# Supplied material
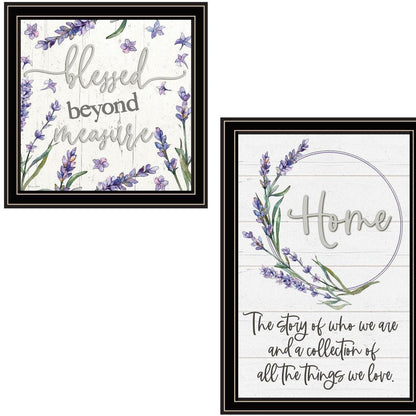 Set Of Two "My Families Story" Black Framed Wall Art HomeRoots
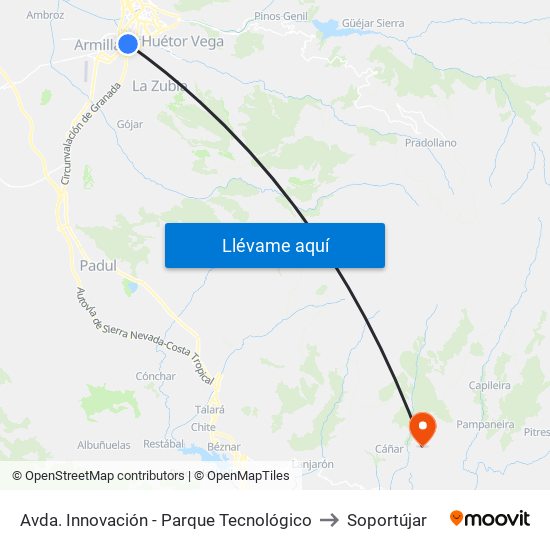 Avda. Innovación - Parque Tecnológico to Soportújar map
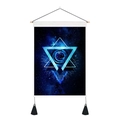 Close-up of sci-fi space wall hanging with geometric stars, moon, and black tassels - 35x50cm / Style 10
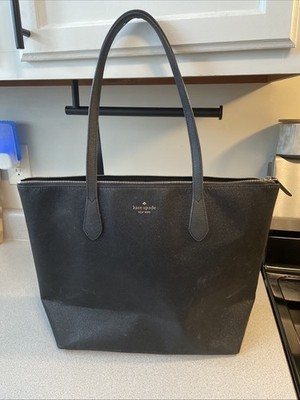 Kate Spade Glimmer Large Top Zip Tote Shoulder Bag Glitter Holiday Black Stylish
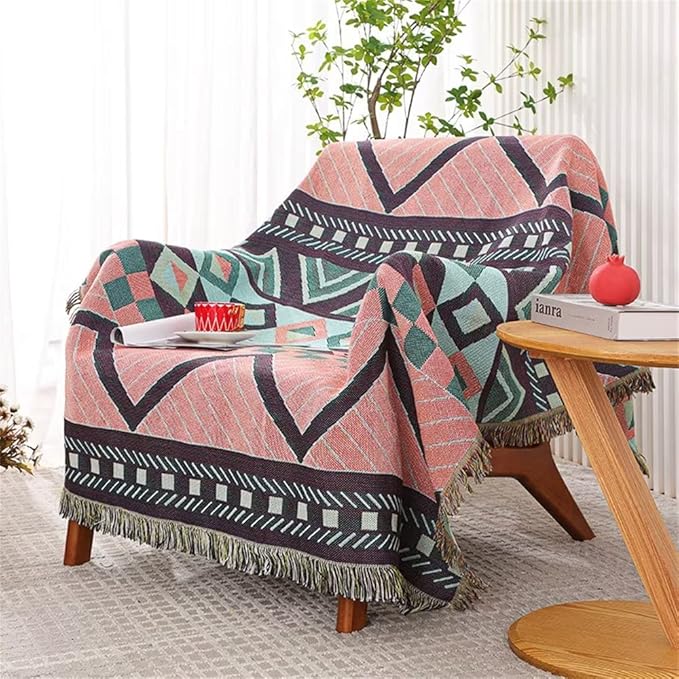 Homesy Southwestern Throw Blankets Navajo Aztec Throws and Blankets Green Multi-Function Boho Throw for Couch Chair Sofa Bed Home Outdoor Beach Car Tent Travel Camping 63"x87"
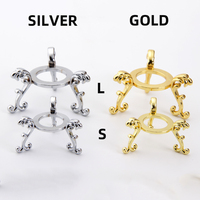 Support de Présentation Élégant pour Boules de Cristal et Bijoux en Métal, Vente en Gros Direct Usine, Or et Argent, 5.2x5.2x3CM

# Required work
Pictures are to be excluded; all other material must be transcribed exactly.

# Answer for this exercise
 Set Of Two "My Families Story" Black Framed Wall Art HomeRoots
 Avda. Innovación - Parque Tecnológico to Soportújar map
 Close-up of sci-fi space wall hanging with geometric stars, moon, and black tassels - 35x50cm / Style 10
 Kate Spade Glimmer Large Top Zip Tote Shoulder Bag Glitter Holiday Black Stylish
 Homesy Southwestern Throw Blankets Navajo Aztec Throws and Blankets Green Multi-Function Boho Throw for Couch Chair Sofa Bed Home Outdoor Beach Car Tent Travel Camping 63"x87"
 Support de Présentation Élégant pour Boules de Cristal et Bijoux en Métal, Vente en Gros Direct Usine, Or et Argent, 5.2x5.2x3CM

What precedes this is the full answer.